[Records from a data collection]
----

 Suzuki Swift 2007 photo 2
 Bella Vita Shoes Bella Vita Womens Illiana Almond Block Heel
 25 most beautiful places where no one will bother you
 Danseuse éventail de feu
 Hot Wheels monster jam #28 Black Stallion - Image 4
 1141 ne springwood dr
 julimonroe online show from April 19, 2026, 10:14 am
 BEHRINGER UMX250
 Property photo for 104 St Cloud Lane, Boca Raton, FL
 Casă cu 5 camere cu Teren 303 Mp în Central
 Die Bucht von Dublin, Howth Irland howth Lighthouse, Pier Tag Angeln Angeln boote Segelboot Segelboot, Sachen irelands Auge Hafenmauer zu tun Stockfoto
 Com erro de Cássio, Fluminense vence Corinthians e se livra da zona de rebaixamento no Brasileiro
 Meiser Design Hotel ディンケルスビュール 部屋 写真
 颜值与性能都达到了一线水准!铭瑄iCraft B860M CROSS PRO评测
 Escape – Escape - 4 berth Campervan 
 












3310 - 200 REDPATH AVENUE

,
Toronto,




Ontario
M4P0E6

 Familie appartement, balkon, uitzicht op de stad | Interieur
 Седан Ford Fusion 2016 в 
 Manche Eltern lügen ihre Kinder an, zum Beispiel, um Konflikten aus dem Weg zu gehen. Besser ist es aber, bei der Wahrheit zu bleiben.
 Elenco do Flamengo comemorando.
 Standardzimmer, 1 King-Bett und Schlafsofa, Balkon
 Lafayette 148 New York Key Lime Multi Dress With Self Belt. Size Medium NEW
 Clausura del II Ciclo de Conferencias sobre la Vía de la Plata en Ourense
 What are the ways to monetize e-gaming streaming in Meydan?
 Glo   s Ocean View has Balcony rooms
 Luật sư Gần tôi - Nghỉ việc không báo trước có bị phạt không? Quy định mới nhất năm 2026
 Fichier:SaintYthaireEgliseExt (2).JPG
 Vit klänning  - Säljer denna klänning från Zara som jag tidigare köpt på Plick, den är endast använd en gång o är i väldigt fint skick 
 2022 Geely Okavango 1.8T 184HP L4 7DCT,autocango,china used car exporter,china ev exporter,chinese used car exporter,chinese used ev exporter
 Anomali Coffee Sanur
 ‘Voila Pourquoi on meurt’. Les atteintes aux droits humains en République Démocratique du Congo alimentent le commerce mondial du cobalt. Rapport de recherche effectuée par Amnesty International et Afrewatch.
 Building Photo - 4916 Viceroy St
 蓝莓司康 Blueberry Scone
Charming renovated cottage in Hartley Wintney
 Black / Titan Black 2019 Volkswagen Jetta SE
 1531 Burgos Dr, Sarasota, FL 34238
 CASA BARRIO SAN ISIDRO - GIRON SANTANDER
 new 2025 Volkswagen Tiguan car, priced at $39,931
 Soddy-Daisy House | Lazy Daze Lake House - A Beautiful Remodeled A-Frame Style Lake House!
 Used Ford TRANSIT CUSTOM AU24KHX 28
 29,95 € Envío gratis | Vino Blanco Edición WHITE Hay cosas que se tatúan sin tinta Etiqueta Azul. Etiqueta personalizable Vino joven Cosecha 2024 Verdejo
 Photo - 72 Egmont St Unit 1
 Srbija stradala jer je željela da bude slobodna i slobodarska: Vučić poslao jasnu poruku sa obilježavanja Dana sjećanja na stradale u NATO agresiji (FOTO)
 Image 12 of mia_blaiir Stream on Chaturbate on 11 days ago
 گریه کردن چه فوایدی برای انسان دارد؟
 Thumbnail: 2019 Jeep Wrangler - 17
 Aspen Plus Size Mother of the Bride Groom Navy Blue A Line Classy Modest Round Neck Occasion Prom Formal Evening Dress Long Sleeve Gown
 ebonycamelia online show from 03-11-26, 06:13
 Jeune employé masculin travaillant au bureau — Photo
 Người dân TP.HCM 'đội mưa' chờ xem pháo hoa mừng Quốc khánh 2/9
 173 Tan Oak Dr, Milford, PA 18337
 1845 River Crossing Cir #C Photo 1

----

Work instructions:
Transcribe each line of the data above, unaltered, from the one where "Used Ford TRANSIT CUSTOM AU24KHX 28" appears to the one where "Thumbnail: 2019 Jeep Wrangler - 17" appears, inclusive of both.

Response area:
 Used Ford TRANSIT CUSTOM AU24KHX 28
 29,95 € Envío gratis | Vino Blanco Edición WHITE Hay cosas que se tatúan sin tinta Etiqueta Azul. Etiqueta personalizable Vino joven Cosecha 2024 Verdejo
 Photo - 72 Egmont St Unit 1
 Srbija stradala jer je željela da bude slobodna i slobodarska: Vučić poslao jasnu poruku sa obilježavanja Dana sjećanja na stradale u NATO agresiji (FOTO)
 Image 12 of mia_blaiir Stream on Chaturbate on 11 days ago
 گریه کردن چه فوایدی برای انسان دارد؟
 Thumbnail: 2019 Jeep Wrangler - 17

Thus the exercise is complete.